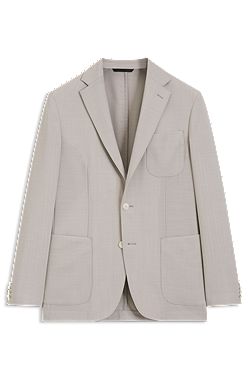 Slim-fit blazer in micro-patterned virgin wool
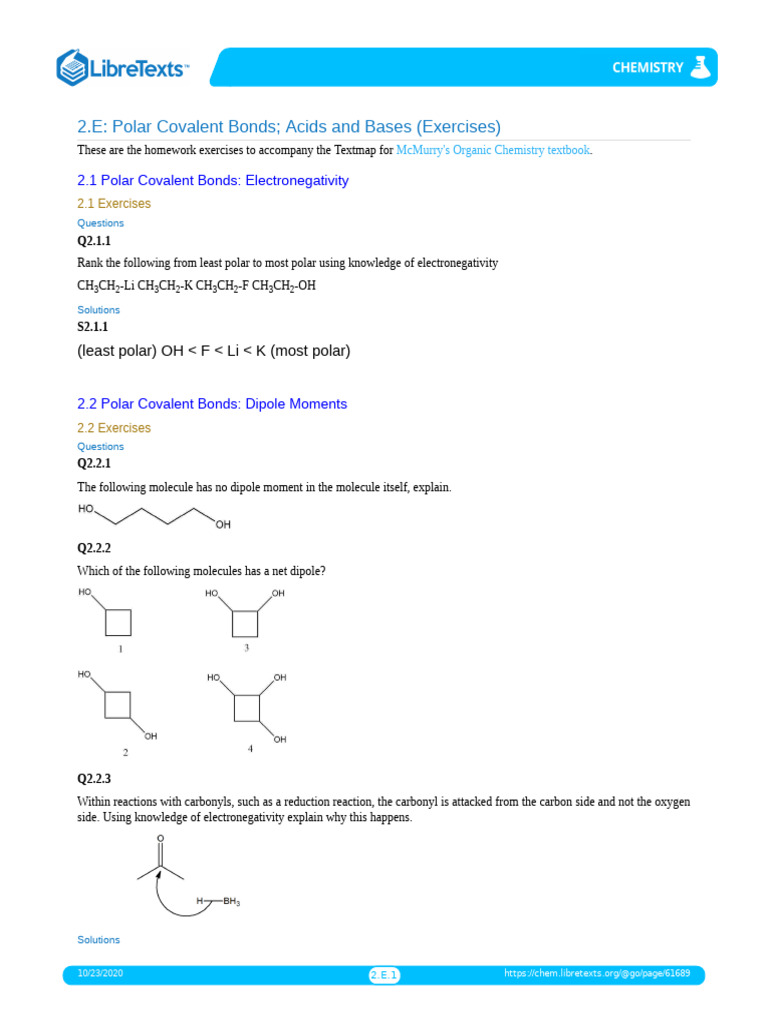 02 - Polar Covalent Bonds Acids and Bases | PDF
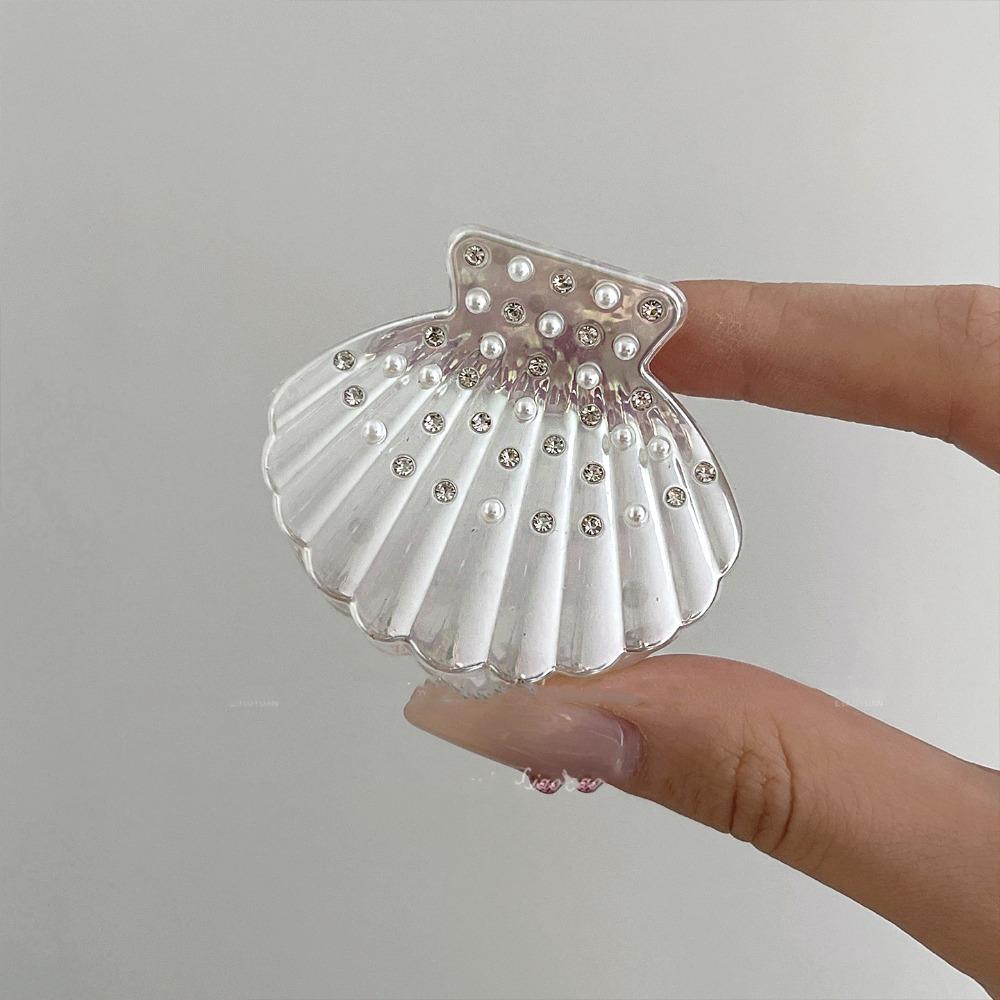 Creative Hairpin Pearl Shell Hair Clip Plastic Acrylic Small Hair Claw Holiday Style Hair Accessories Small Grab Clip Girls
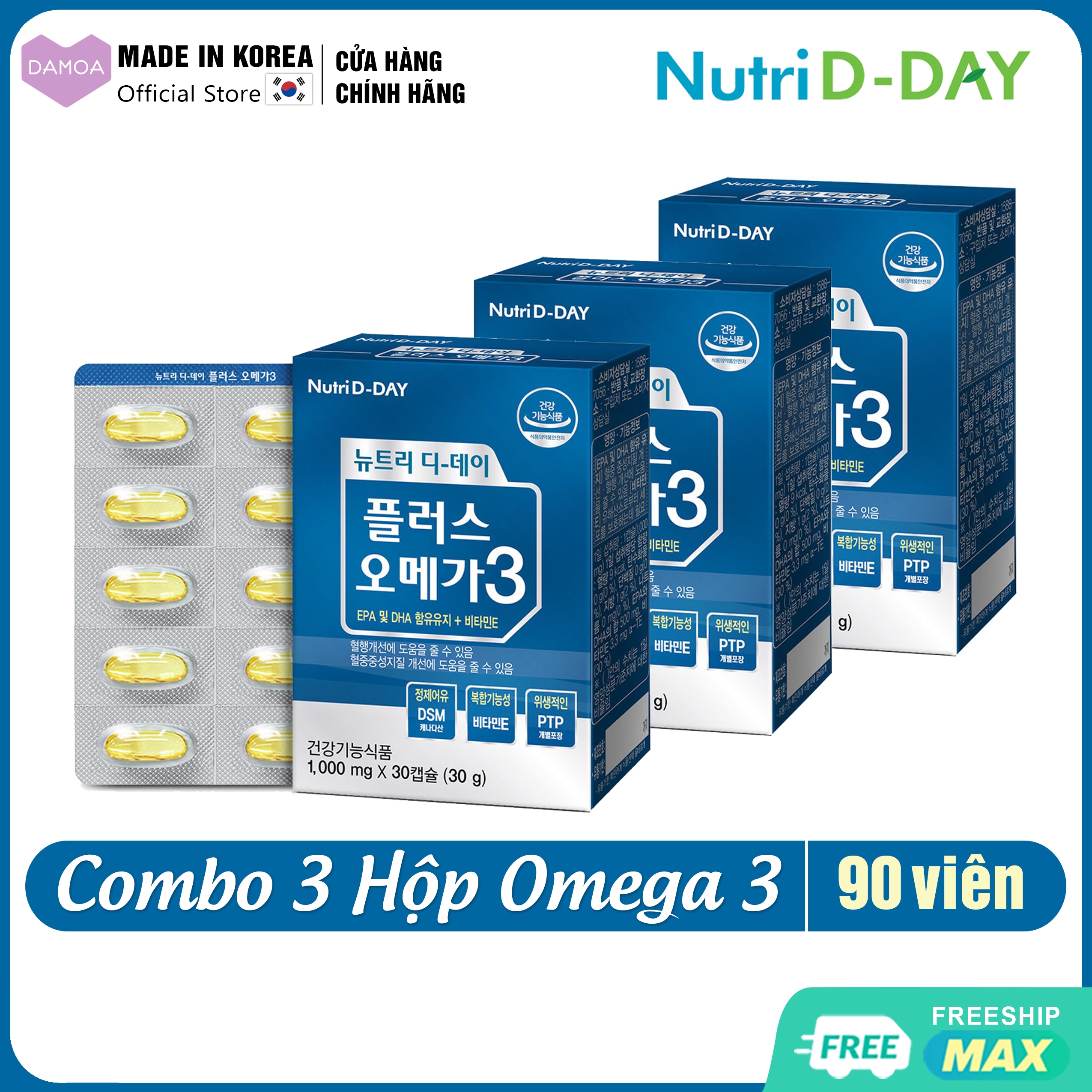 Combo 3 Hộp Viên uống Dầu cá OMEGA 3, EPA, DHA Plus Sức khỏe Tim mạch, Xương khớp, Thị lực Nutri D-Day Thực phẩm chức năng Hàn Quốc Damoa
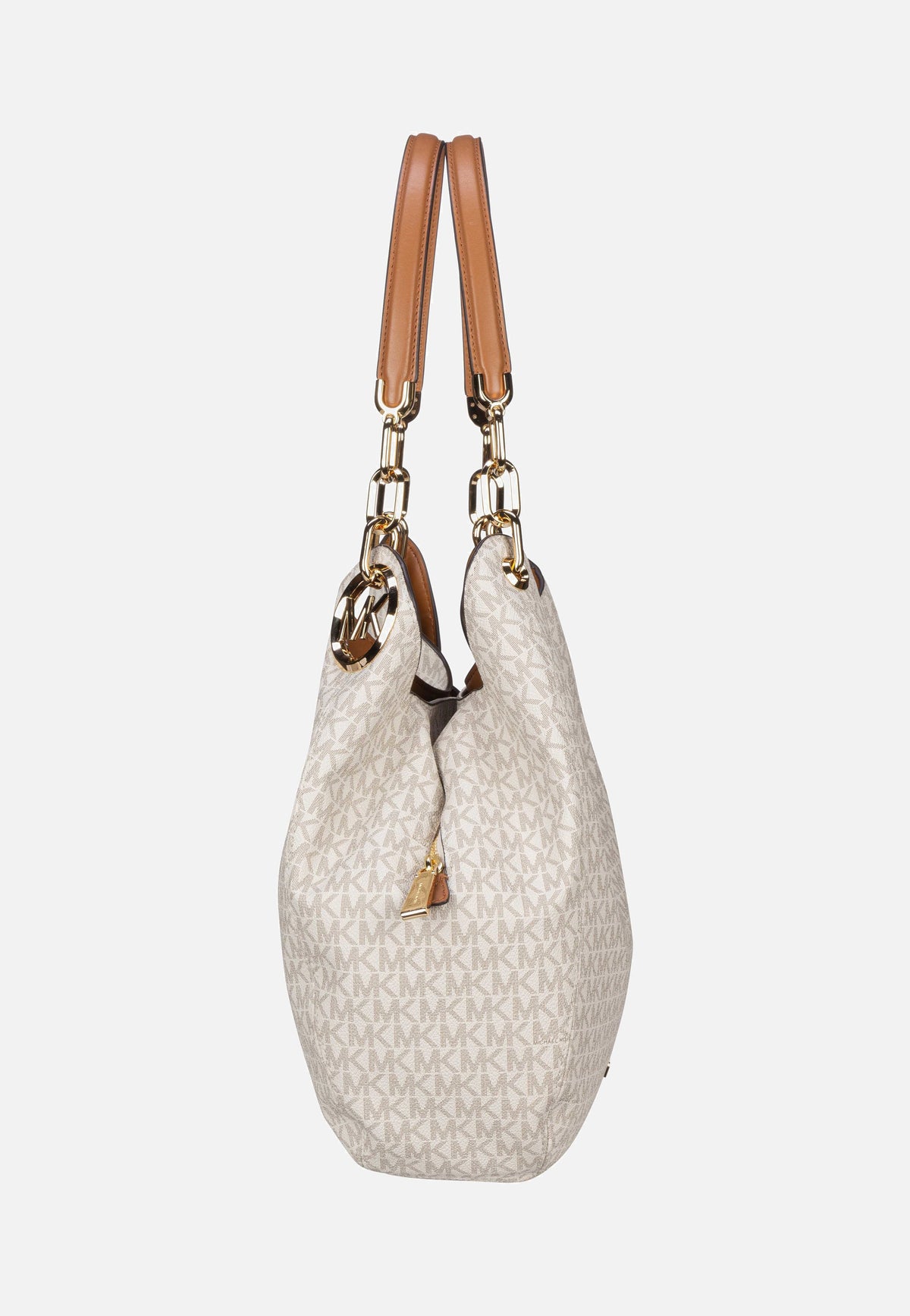 Michael Kors Lillie Large Chain Shoulder Tote MK Signature Vanilla/Acorn Hobo Bag
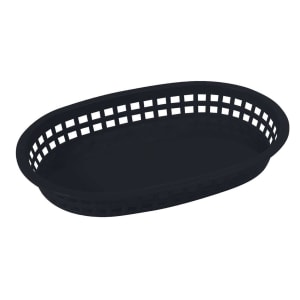 080-PLBK Oval Fast Food Basket - 10 3/4" x 7 1/4", Plastic, Black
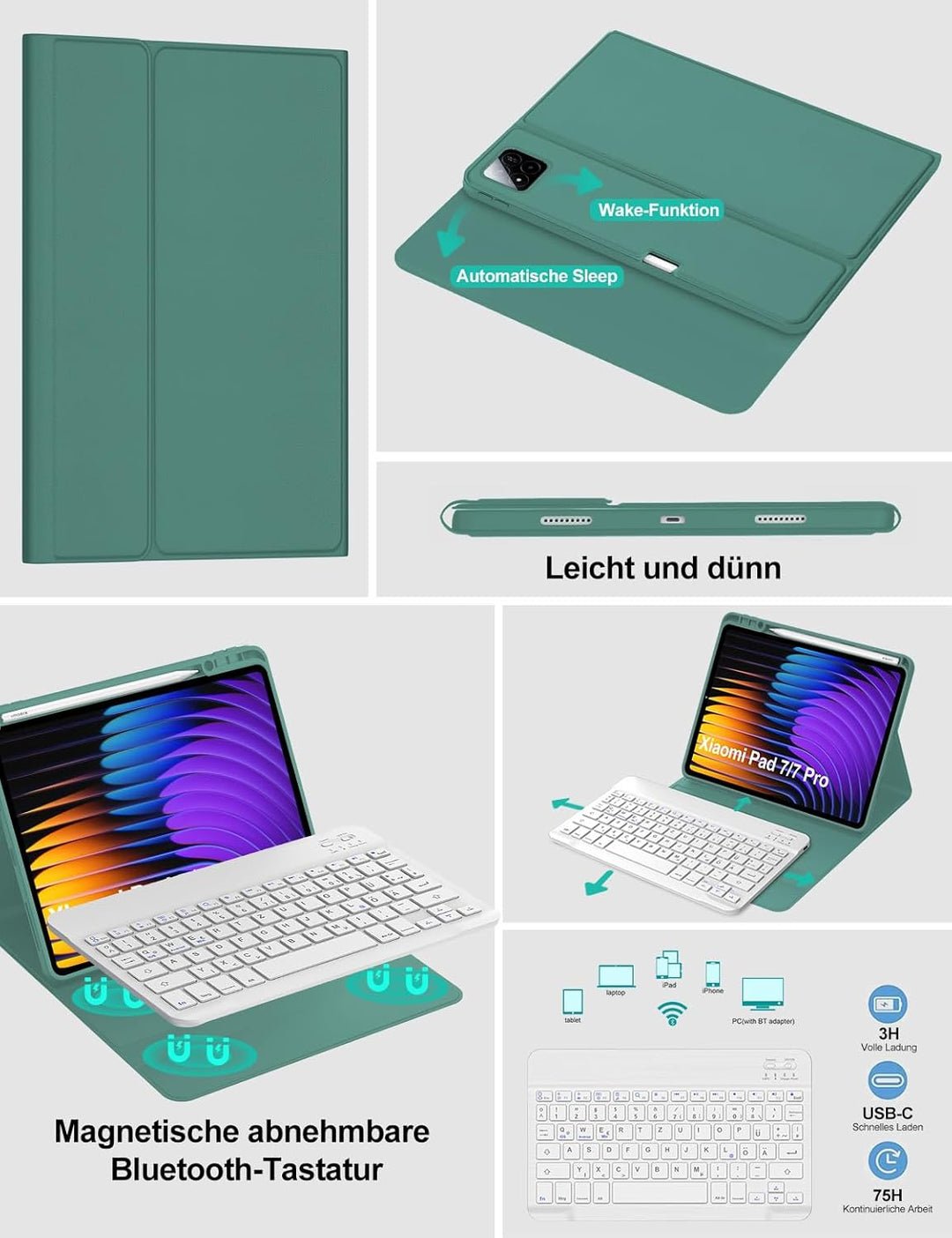 Tastatur Hülle für Xiaomi Pad 7/7 Pro 11.2 Zoll 2024, Deutsches QWERTZ, Magnetisch Abnehmbarer Deuts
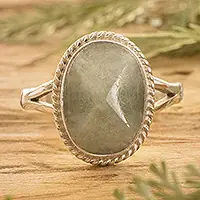 Best Choice Sophisticated VitalityPolished Sterling Silver Cocktail Ring with Green Jade Jewel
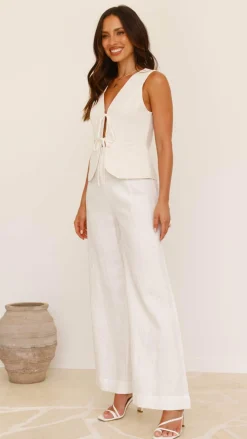 Alisa Tie Vest - Light Beige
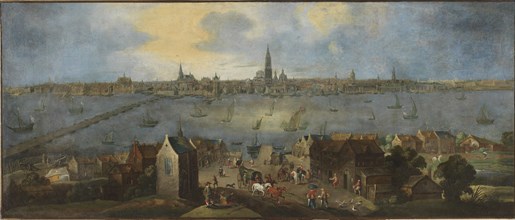 Gezicht op de rede van Antwerpen, Between 1682 and 1702. Creator: Schoevaerdts, Matthijs (Matthys) (c. 1665/7-after 1702).
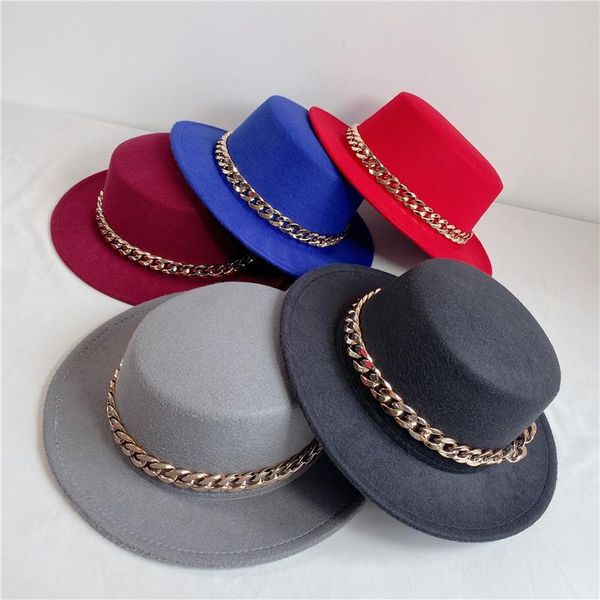 wide brim hats men's and women's mid-chain woolen flat-ed fedora big jazz autumn winter panama, Blue;gray
wide brim hats men's and women's mid-chain woolen flat-ed fedora big jazz autumn winter panama, Blue;gray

*PROBLEM STATEMENT*:
Copy out only the lines beginning at the line with "02 - Polar Covalent" and ending at the last line of the entries. Keep them exact; drop pictures.

*OUTPUT FOR THIS TASK*:
 02 - Polar Covalent Bonds Acids and Bases | PDF
 Creative Hairpin Pearl Shell Hair Clip Plastic Acrylic Small Hair Claw Holiday Style Hair Accessories Small Grab Clip Girls
 Combo 3 Hộp Viên uống Dầu cá OMEGA 3, EPA, DHA Plus Sức khỏe Tim mạch, Xương khớp, Thị lực Nutri D-Day Thực phẩm chức năng Hàn Quốc Damoa
 Michael Kors Lillie Large Chain Shoulder Tote MK Signature Vanilla/Acorn Hobo Bag
 080-PLBK Oval Fast Food Basket - 10 3/4" x 7 1/4", Plastic, Black
 Tastatur Hülle für Xiaomi Pad 7/7 Pro 11.2 Zoll 2024, Deutsches QWERTZ, Magnetisch Abnehmbarer Deuts
 Best Choice Sophisticated VitalityPolished Sterling Silver Cocktail Ring with Green Jade Jewel
 Alisa Tie Vest - Light Beige
 Gezicht op de rede van Antwerpen, Between 1682 and 1702. Creator: Schoevaerdts, Matthijs (Matthys) (c. 1665/7-after 1702).
 wide brim hats men's and women's mid-chain woolen flat-ed fedora big jazz autumn winter panama, Blue;gray
wide brim hats men's and women's mid-chain woolen flat-ed fedora big jazz autumn winter panama, Blue;gray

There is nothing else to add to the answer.